Segment Start: DATA EXTRACT
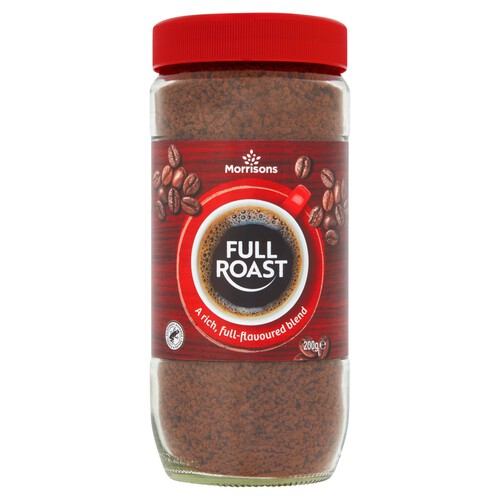 Morrisons Full Roast Instant Coffee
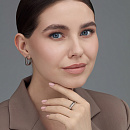 Серьги золотые 25988-213 | Серьги золотые 25988-213 купить по цене 163406 руб. в ювелирном магазине ⭐️ «Золотая Подкова»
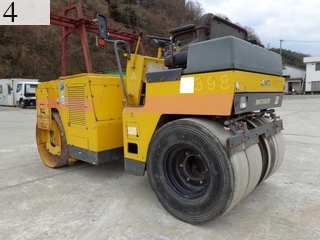 Used Construction Machine Used BOMAG NIPPON BOMAG NIPPON Roller Vibration rollers for paving BW131ACW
Segment End: DATA EXTRACT
Please print exactly the lines from the one holding "Серьги золотые 25988-213 |" through the final line of the data above, including both, and skip all pictures.

 Серьги золотые 25988-213 | Серьги золотые 25988-213 купить по цене 163406 руб. в ювелирном магазине ⭐️ «Золотая Подкова»
 Used Construction Machine Used BOMAG NIPPON BOMAG NIPPON Roller Vibration rollers for paving BW131ACW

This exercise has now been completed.